╭─ Information supplied

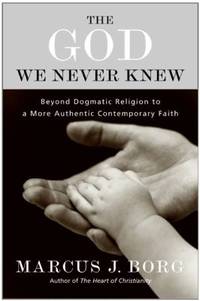 The God We Never Knew : Beyond Dogmatic Religion to a More Authentic Contemporary Faith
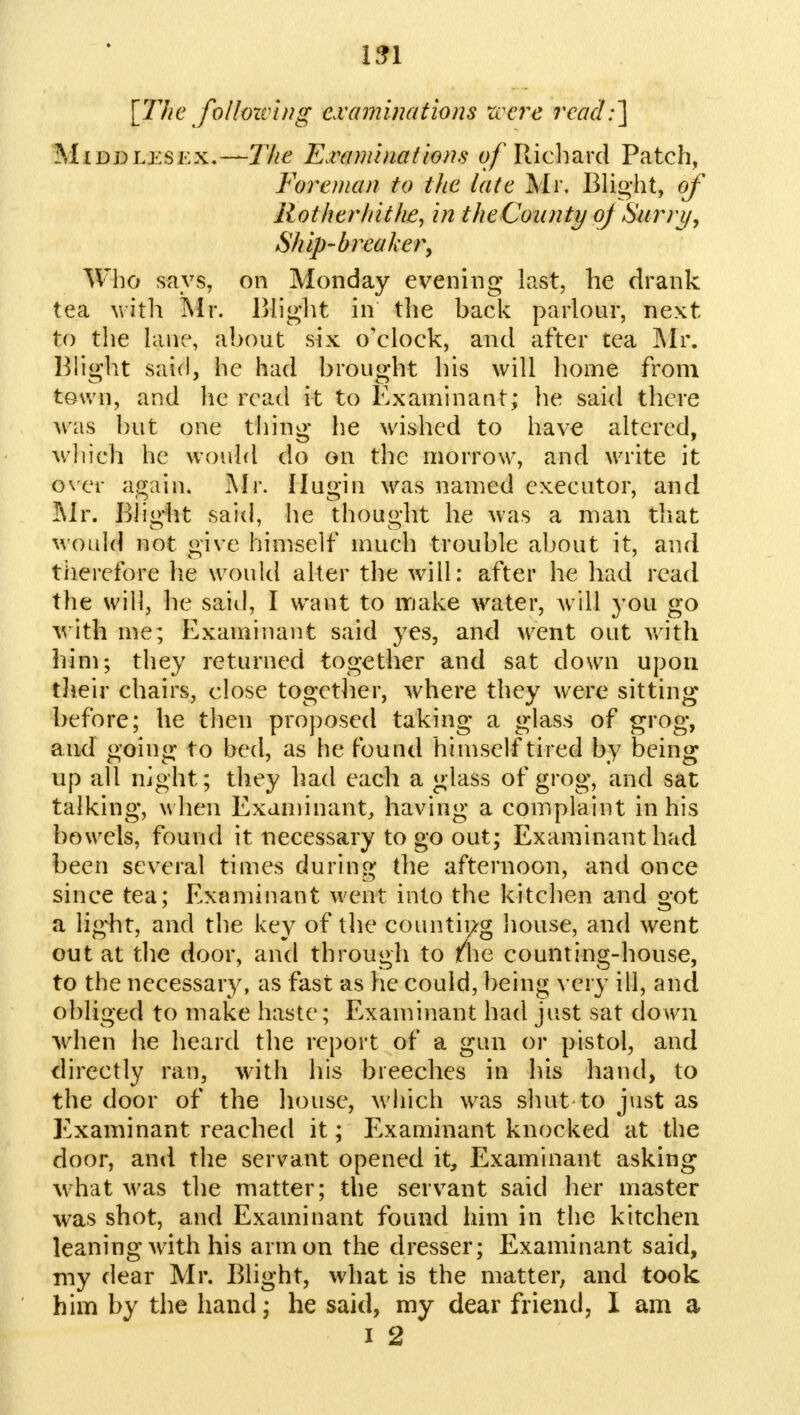 [The follozving examinations were read:'] Middlesex.—The Examinations 0/Richard Patch, Foreman to the late Mr. Blight, of Rotherhithe, in the County oj(Surry, Ship-breaker, Who says, on Monday evening last, he drank tea with Mr. Blight in the hack parlour, next to the lane, ahout six o'clock, and after tea Mr. Blight said, he had hrought his will home from town, and he read it to Examinant; he said there was but one thing he wished to have altered, which he would do on the morrow, and write it over again. Mr. Hugin was named executor, and Mr. Blight said, he thought he was a man that Mould not give himself much trouble about it, and therefore he would alter the will: after he had read the will, he said, I want to make water, will you go with me; Examinant said yes, and went out with him; they returned together and sat down upon their chairs, close together, where they were sitting before; he then proposed taking a glass of grog, a nd going to bed, as he found himself tired by being up all night; they had each a glass of grog, and sat talking, when Examinant, having a complaint in his bowels, found it necessary to go out; Examinant had been several times during the afternoon, and once since tea; Examinant went into the kitchen and got a light, and the key of the counting house, and went out at the door, and through to tlie counting-house, to the necessary, as fast as he could, being very ill, and obliged to make haste ; Examinant had just sat down when he heard the report of a gun or pistol, and directly ran, with his breeches in his hand, to the door of the house, which was shut to just as Examinant reached it; Examinant knocked at the door, and the servant opened it, Examinant asking what was the matter; the servant said her master was shot, and Examinant found him in the kitchen leaning with his arm on the dresser; Examinant said, my dear Mr. Blight, what is the matter, and took him by the hand; he said, my dear friend, I am a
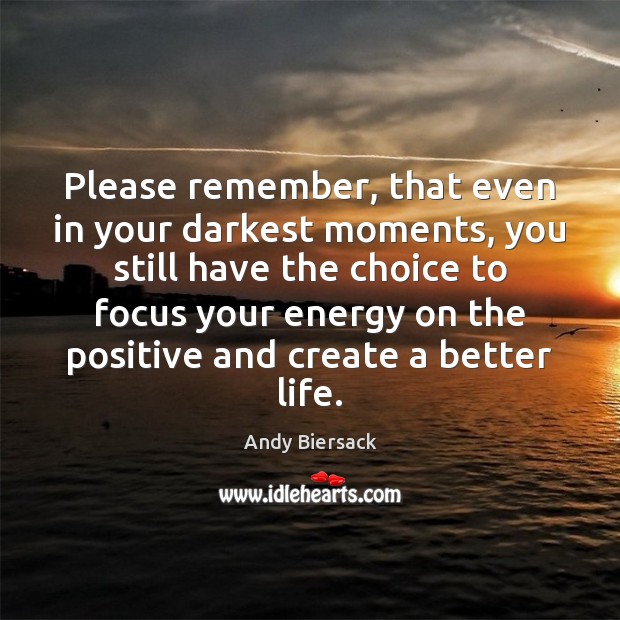 Please remember, that even in your darkest moments, you still have the Image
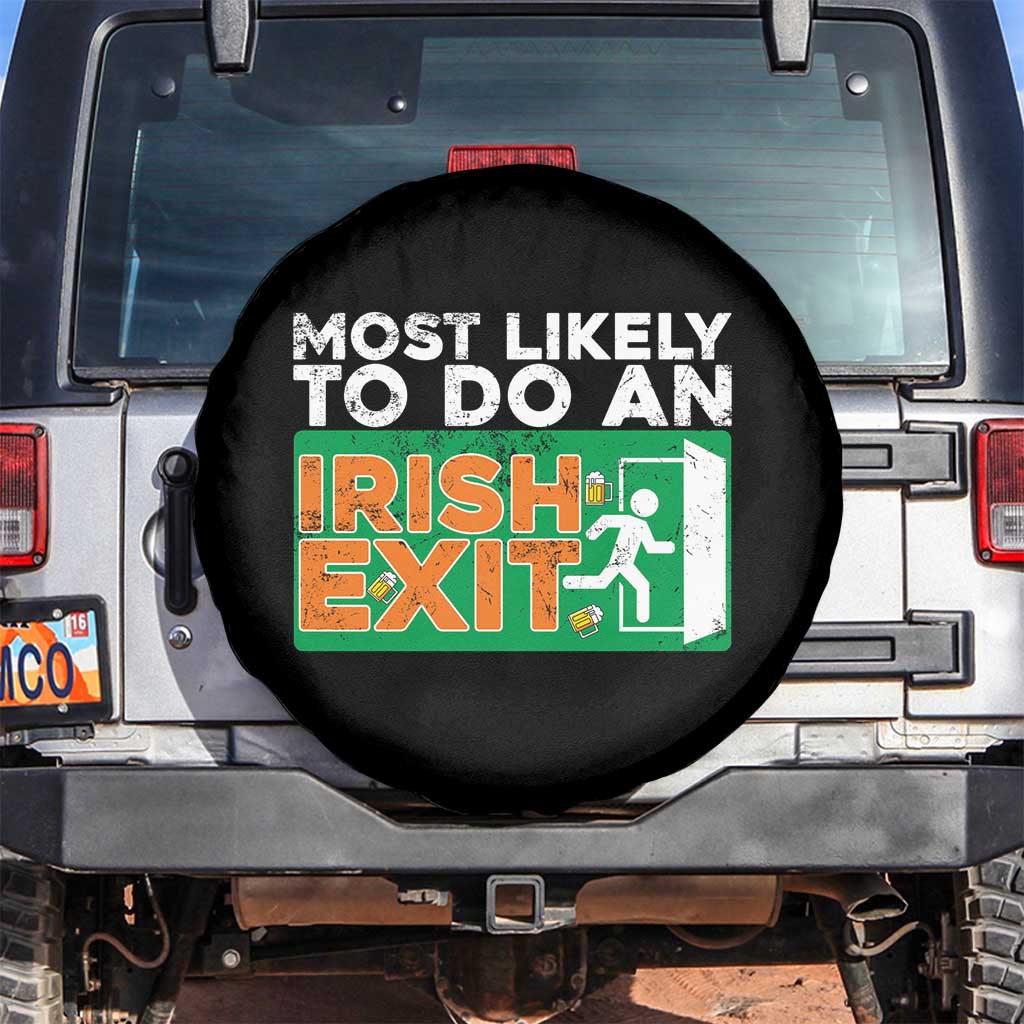 Funny St Patricks Day Spare Tire Cover Most Likely To Do An Irish Exit TS02 No hole Black Print Your Wear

╰─

◆ **What is needed**: When the line that holds "Please remember, that" is reached, begin duplicating exactly, and continue through the last line of the listing, skipping the pictures; output nothing else.

◆ **Result**:
 Please remember, that even in your darkest moments, you still have the Image
 Funny St Patricks Day Spare Tire Cover Most Likely To Do An Irish Exit TS02 No hole Black Print Your Wear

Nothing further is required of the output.